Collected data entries
◇ ◇ ◇ ◇ ◇ ◇ ◇

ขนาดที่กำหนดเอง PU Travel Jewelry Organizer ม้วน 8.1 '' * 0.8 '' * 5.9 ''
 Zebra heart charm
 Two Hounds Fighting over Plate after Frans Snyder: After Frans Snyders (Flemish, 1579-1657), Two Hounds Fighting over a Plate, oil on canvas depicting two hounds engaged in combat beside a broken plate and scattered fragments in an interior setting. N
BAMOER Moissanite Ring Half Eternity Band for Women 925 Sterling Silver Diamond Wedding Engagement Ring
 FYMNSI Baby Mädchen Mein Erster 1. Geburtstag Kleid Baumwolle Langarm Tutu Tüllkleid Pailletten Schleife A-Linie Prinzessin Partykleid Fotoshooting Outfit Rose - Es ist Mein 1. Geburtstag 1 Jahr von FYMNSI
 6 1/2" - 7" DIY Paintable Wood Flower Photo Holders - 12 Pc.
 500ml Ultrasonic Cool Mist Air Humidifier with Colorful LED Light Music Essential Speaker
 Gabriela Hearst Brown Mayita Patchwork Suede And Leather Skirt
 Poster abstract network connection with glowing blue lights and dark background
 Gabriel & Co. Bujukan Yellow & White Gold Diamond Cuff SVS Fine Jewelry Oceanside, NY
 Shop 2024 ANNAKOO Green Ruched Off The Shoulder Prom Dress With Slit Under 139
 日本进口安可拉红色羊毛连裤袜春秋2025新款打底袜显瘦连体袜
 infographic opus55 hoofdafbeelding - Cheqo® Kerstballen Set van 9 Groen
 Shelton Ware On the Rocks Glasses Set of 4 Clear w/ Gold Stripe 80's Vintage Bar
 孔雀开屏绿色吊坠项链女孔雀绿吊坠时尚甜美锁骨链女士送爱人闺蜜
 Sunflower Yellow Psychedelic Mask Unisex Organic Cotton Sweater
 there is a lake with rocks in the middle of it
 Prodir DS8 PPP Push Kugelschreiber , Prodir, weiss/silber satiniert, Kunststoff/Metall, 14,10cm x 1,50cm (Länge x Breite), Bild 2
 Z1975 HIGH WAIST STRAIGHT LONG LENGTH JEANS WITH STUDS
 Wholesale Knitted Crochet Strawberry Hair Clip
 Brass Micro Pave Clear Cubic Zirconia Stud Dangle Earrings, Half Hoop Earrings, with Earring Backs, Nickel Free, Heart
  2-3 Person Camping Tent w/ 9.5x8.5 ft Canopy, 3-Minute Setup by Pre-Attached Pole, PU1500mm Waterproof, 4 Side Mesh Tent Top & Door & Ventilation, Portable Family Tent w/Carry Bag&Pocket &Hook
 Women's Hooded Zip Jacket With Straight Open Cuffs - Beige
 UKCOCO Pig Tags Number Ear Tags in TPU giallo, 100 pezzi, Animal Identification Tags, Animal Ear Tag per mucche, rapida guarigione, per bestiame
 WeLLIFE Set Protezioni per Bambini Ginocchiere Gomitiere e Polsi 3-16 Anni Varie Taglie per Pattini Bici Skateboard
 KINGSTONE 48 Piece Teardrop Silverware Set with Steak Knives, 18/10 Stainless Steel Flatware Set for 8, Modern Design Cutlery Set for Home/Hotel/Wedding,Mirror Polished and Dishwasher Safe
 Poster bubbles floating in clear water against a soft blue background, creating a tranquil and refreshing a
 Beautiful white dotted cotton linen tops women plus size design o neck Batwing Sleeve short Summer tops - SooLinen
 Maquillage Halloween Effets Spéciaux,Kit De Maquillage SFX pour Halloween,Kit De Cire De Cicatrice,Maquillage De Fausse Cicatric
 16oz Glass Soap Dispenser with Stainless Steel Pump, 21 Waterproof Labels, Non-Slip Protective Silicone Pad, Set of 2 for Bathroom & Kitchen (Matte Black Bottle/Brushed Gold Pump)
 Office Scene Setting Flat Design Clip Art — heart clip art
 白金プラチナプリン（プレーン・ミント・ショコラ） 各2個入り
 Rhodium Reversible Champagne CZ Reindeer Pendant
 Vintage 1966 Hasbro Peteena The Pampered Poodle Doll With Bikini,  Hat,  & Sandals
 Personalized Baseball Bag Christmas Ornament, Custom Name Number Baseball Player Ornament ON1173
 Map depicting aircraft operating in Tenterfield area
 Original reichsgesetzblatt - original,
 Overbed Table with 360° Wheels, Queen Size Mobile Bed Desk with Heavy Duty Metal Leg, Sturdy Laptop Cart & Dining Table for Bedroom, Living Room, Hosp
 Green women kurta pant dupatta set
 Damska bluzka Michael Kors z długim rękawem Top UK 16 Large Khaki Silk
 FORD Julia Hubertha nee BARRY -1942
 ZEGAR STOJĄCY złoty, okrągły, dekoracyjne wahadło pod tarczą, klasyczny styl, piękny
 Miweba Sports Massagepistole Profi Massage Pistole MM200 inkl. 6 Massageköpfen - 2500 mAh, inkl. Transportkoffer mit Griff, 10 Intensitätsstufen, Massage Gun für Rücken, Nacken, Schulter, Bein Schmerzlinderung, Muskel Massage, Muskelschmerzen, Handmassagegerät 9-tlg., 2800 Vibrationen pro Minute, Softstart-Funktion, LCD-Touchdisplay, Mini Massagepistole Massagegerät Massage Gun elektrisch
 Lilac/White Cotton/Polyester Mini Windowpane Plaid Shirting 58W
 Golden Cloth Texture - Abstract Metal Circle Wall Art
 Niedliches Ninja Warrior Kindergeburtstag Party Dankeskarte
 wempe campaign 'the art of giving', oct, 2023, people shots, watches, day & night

◇ ◇ ◇ ◇ ◇ ◇ ◇

Beginning with the very first line of the records above, please retype each line through the one that has "there is a lake", and add nothing.

**Answer to this task:**
ขนาดที่กำหนดเอง PU Travel Jewelry Organizer ม้วน 8.1 '' * 0.8 '' * 5.9 ''
 Zebra heart charm
 Two Hounds Fighting over Plate after Frans Snyder: After Frans Snyders (Flemish, 1579-1657), Two Hounds Fighting over a Plate, oil on canvas depicting two hounds engaged in combat beside a broken plate and scattered fragments in an interior setting. N
BAMOER Moissanite Ring Half Eternity Band for Women 925 Sterling Silver Diamond Wedding Engagement Ring
 FYMNSI Baby Mädchen Mein Erster 1. Geburtstag Kleid Baumwolle Langarm Tutu Tüllkleid Pailletten Schleife A-Linie Prinzessin Partykleid Fotoshooting Outfit Rose - Es ist Mein 1. Geburtstag 1 Jahr von FYMNSI
 6 1/2" - 7" DIY Paintable Wood Flower Photo Holders - 12 Pc.
 500ml Ultrasonic Cool Mist Air Humidifier with Colorful LED Light Music Essential Speaker
 Gabriela Hearst Brown Mayita Patchwork Suede And Leather Skirt
 Poster abstract network connection with glowing blue lights and dark background
 Gabriel & Co. Bujukan Yellow & White Gold Diamond Cuff SVS Fine Jewelry Oceanside, NY
 Shop 2024 ANNAKOO Green Ruched Off The Shoulder Prom Dress With Slit Under 139
 日本进口安可拉红色羊毛连裤袜春秋2025新款打底袜显瘦连体袜
 infographic opus55 hoofdafbeelding - Cheqo® Kerstballen Set van 9 Groen
 Shelton Ware On the Rocks Glasses Set of 4 Clear w/ Gold Stripe 80's Vintage Bar
 孔雀开屏绿色吊坠项链女孔雀绿吊坠时尚甜美锁骨链女士送爱人闺蜜
 Sunflower Yellow Psychedelic Mask Unisex Organic Cotton Sweater
 there is a lake with rocks in the middle of it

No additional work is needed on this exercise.